ところが翌年、私は春にひどい風邪を引いてしまいました。今年もたんぽぽ畑にお弁当を持って行こうと言われていた直前でしたので、それがだめになってしまって大ショックでした。風邪を引いて鼻が出るのに、さらに泣いて泣いて鼻水をたらして、もう大変な騒ぎだったと言います。
もちろんたんぽぽは急に咲き終わったりしませんから、風邪が治ってから、たんぽぽ畑に行くことはできました。でも父はどうしても予定が空けられなくて、私と母だけの小さなハイキングになりました。それがとても残念でした。それから一年、家族みんなでたんぽぽ畑に行ける日を、楽しみに楽しみに待ちました。そんなことがあってから、私はたんぽぽが特別大好きな花になりました。そして、私があまり楽しみにするものですから、わが家の恒例行事として、たんぽぽのお花見ハイキングが定着したんです。
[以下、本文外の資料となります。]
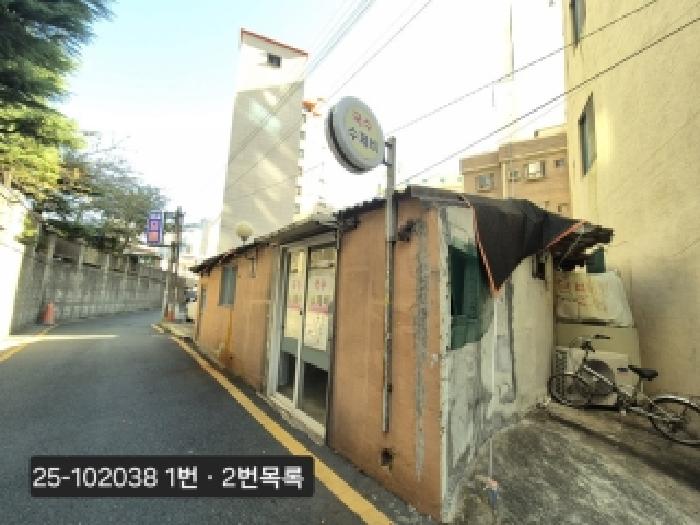 부산 사상구 괘법동 대지 경매 물건 사진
引っ越して新しい町に来てからも、たんぽぽの咲いている場所を探して、春になると家族で出かけました。以前のような一面のたんぽぽ畑はありませんでしたが、それでもたんぽぽのお花見は続けました。私が高校生になってからその習慣は一時途絶えましたが、それが最近また復活しているんです。最近はずいぶんたんぽぽの数が減りました。でも、黄色と緑の春らしい姿を求めて、家族でお弁当を持って出かけます。今年もやります。父も母も楽しみにしてくれています。桜のお花見もいいですが、わが家では、たんぽぽのお花見も欠かせない季節の行事になっています。